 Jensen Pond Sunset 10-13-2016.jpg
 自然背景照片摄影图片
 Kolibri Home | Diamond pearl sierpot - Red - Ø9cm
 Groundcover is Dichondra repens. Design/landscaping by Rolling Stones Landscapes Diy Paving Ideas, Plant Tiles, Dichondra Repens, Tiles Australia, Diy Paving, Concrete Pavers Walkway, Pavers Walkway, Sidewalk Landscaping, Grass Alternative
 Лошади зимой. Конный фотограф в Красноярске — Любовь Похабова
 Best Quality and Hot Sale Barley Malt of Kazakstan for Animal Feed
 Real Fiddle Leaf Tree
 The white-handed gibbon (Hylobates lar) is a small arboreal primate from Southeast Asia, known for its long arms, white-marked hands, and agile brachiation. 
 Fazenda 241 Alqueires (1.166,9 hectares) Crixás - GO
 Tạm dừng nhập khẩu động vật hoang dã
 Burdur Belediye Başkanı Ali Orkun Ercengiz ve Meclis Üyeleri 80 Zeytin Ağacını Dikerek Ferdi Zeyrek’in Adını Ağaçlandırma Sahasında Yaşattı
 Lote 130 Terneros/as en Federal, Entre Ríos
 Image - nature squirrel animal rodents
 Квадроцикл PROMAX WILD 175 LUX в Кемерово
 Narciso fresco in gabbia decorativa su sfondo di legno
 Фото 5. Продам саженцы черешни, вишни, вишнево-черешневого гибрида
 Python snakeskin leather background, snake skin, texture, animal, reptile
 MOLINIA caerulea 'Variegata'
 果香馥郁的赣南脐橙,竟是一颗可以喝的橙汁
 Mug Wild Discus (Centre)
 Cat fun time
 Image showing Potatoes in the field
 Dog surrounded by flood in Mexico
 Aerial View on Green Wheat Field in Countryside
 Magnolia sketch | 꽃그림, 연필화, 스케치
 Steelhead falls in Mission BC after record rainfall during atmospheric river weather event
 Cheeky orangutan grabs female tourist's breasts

_Task_: Check each line of the data above, and please copy the ones in which the string "Image" occurs.

_Final answer_:
 Image - nature squirrel animal rodents
 Image showing Potatoes in the field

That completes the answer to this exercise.